I go to the library. It never fails, because if I go there without a direct purpose, it feels acceptable to indulge a tangent or just sort of let my mind wander. Every time I feel stuck, I get out of it because I am somehow reminded of how much stuff and information there is in the world. I usually have the problem of being excited by too many things, and wanting to learn about and do more things than there is time for.

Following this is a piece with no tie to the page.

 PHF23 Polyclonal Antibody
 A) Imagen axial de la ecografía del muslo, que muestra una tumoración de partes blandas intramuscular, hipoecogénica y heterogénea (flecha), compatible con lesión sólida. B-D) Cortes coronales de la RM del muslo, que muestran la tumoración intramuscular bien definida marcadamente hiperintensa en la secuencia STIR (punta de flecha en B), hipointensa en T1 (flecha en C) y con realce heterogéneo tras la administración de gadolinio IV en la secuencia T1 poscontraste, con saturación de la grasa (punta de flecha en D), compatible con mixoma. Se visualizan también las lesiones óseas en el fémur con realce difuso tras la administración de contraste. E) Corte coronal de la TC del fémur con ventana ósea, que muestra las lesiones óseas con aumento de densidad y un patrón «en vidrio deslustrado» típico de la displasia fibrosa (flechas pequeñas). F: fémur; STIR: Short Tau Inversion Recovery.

How did you get your start?
I sort of don’t know how to answer that because I don’t know where the “start” is. I have always been making art. I drew and built things as a kid and both my parents are very artistic, crafty people who would always help me carry out any project I wanted to do, no matter how stupid. My dad is one of those people who can build anything…and he has a lot of tools. One time when I was little we made this ridiculous house for my pet rabbit at the time, Momo. My dad called it Chateau Momo, because it had separate rooms, including a little private room for the rabbit to go and hide if he didn’t feel like being social. We did a lot of projects together and sometimes we still do. My mom went to CCA(C) and knows a lot about ceramics and plaster. Her art is up all over their house. My parents are very supportive and interested in art. So for me, the “start” is really my childhood.
What did you study at Stanford?
I studied Studio Art, but I chose to go there because it wasn’t strictly an art school and I could take classes in any area I wanted. For me it was really the right decision because I was kind of a nerd, so I took classes in physics and engineering even though they weren’t connected to my official major. The biggest lesson I learned in college though is that academia is not the end-all it thinks it is.
What daily rituals do you have?
I don’t really have any. I am not a person who needs structure or routine to function. I think I am very self-disciplined, so I just do things when I want or feel like I should, and everything kind of just gets done. I feel very, very lucky that I can set my own schedule and be so in control of my daily life.
Have you always been interested in letters?
Pretty much always. I was really into changing and perfecting my handwriting when I was growing up and we had to handwrite everything in school. I put a lot of thought into how I wrote letters; I even remember writing in my diary about it–how I was inventing a new “A,” and was going to use the new one from that point forward.